I finished my sandwich without tasting it. I thought that I should at least get a chance to taste my chocolate chip cookie, so I stood up and wished Michael good luck and to have a nice day. He asked me for 2.50 for some coffee, and because I had collected an incredibly heavy pocket filled with silver (the 50, 20, 10, and 5 cent coins are called silver while I assume that the 1 and 2 dollar coin are considered gold because of their respective appearances), I was happy to oblige Michael and lessen the weight of the silver in my right pocket.

With a lighter pocket, I walked toward Victoria Park next to the University of Sydney campus, found a bench and ate my chocolate chip cookie. I asked myself the question I’ve been asking myself for the last few days, “What the hell am I doing here?”

I am surprised just how overwhelming and intimidating the feeling of nearly infinite freedom can be. It’s certainly not something that I have considered in the past.

Saturday, February 14, 2009

It Pays To Be a Doctor on a Plane

I landed in Sydney about 8:00am. I was only feeling slightly like a zombie, and I distinctly lacked the same pure enthusiasm and excitement that I felt when I arrived in Sydney the first time. I mostly just wanted to find my hotel and lay horizontally for the first time in over a day.

It had been a long trip. An hour drive to O’Hare, a four and a half hour flight to San Francisco, a 5+ hour layover, and an adventure filled fourteen hour flight to Sydney. The adventure began about half way into the flight. I had finished watching three episodes of Fawlty Towers and attempted for a long time to drift off to sleep. I’m not quite sure if it was actual sleep or just a lack of conscience, but I awoke with an urgent desire to vomit. Without considering fumbling for the airsick bag, I threw off my seatbelt, jumped up, and ran to the toilets. Since I was the second row up from the back of the plane, I didn’t have far to run, but when I reached the toilets I saw that they were occupied. I turned around and the next thing I know I’m on my back looking up at a number of faces.

“Are you okay? How are you feeling?”

“A lot better actually.” Amazingly I had not actually vomited.

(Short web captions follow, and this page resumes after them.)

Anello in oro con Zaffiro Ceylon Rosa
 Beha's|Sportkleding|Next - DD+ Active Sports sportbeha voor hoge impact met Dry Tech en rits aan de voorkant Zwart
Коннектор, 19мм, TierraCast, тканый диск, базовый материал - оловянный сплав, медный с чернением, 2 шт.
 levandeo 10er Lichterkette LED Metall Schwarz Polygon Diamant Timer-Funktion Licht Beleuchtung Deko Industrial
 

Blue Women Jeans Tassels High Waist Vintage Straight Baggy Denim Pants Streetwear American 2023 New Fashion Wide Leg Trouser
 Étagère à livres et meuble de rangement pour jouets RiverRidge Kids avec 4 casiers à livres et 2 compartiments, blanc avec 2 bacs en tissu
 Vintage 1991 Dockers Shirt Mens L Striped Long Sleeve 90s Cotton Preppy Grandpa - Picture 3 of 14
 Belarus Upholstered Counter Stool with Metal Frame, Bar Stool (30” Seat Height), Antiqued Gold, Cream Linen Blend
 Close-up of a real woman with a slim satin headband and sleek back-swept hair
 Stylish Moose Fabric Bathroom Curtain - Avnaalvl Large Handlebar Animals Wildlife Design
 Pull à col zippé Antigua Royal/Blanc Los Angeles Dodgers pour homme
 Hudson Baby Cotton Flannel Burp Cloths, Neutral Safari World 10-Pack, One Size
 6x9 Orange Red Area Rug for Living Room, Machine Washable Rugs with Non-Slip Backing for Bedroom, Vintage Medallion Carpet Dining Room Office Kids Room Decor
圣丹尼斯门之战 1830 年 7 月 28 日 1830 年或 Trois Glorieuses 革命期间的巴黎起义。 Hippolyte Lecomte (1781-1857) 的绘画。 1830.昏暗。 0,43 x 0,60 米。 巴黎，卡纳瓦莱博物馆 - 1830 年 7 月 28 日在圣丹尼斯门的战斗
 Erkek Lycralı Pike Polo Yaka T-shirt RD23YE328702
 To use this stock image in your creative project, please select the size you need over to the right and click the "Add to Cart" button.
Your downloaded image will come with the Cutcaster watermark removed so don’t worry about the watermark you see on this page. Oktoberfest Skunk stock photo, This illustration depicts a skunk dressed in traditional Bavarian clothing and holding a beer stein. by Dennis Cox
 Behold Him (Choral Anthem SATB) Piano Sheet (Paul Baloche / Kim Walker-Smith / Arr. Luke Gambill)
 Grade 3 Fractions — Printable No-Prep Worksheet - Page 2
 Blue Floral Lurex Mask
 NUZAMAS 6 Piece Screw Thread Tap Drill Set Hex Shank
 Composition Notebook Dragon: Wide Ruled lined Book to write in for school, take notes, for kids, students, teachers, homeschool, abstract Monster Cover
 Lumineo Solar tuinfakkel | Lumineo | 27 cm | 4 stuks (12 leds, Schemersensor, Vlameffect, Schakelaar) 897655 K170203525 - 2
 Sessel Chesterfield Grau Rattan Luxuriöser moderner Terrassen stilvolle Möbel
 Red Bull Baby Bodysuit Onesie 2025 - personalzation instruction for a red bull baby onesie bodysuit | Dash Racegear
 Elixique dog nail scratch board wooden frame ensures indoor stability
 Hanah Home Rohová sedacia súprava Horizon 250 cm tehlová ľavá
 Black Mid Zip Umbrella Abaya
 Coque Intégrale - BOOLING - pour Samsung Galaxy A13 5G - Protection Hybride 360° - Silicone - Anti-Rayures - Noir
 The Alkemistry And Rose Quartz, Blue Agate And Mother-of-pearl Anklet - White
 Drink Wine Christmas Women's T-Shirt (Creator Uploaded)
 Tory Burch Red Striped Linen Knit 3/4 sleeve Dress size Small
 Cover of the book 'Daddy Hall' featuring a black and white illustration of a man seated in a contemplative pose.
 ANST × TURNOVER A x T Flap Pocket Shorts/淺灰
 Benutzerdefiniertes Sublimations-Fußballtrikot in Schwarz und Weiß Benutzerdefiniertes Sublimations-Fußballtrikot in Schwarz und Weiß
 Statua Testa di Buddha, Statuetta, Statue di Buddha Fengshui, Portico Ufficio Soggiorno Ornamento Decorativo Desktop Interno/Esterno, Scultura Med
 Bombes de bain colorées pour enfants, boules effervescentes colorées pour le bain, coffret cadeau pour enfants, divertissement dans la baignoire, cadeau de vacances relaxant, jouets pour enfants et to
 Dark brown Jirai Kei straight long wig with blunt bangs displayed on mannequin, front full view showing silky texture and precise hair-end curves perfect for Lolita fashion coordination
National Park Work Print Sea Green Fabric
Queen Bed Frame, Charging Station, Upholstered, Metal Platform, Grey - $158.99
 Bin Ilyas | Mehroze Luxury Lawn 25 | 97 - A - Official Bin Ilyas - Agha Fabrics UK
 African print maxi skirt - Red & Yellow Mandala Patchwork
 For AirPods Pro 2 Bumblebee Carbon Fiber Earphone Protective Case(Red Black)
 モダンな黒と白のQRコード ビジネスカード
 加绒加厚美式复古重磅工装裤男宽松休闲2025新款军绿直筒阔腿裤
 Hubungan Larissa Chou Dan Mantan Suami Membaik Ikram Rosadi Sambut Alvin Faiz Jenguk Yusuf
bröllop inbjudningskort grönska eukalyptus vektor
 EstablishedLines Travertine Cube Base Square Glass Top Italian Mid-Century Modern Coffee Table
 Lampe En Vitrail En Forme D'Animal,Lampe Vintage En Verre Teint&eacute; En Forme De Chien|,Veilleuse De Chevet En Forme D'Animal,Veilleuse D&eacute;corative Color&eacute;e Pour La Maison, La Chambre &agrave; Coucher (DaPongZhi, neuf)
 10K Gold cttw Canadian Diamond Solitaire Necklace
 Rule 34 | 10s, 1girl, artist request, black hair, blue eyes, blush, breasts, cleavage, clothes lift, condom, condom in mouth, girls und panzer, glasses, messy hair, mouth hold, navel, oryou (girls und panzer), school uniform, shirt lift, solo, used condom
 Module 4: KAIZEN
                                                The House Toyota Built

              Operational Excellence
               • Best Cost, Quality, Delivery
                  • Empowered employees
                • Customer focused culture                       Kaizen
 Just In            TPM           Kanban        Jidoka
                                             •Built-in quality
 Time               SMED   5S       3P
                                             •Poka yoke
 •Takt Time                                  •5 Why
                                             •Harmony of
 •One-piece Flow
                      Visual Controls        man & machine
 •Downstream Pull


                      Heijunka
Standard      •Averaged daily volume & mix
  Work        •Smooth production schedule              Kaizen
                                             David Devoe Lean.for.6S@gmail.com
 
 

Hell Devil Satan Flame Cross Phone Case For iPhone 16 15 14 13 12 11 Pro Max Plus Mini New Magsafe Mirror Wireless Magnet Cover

“Just sit tight right there, I’m a doctor,” one of the faces said. He was the man who guided me to a sitting position, gave me some juice and cookies, and explained to me that fainting on planes was quite common. Basically a lot of my blood had found its way to my lower legs, and when I stood up quickly I threw my body into a state of confusion. I later learned that he and his wife had been sitting right behind me.

On these trans-pacific flights they stress that it’s a good idea to do some exercises for your lower extremities to keep the blood flowing so that it doesn’t pool. Fourteen hours is a long time to sit in one position, and I have always tried to get up and walk around a bit or use the toilet about every two hours on these marathon flights; however, I had been sitting for a good four hours watching the tiny screen on the back of the headrest of the seat in front of me and doing something like sleeping.

I felt both embarrassed and bad that I worried all these kind Qantas employees and all my fellow travelers at the back of the 747. I was expecting someone to laugh because, hey, I fall down a lot and I’m usually quite awkward looking when I fall, and I understand that it is a humorous thing to witness. But no one laughed and everyone was extremely kind and concerned for my wellbeing. Outside of feeling a bit shaky at first, I felt fine and never had the urge to vomit for the rest of the flight.

The kind doctor, a young looking Canadian, and his American wife were well deserving of the bottle of Dom that Qantas gave them for assisting me through my fainting episode. I felt bad that all I had to thank him with was my words, but he insisted that he was a doctor—a stroke specialist—and that’s what he does, he helps people. I got his email address, and I need to email him soon and thank him again and ask him how he is enjoying Sydney.

I suppose I was able to help him a little bit. I told him that if you buy something in the Duty Free shop before you reach immigration and customs, you are allowed to go to an express line to help expedite the process of being let into Australia. When I was in that express line I saw him a dozen or so people behind me and gave him a wave and a smile and he returned the same gestures.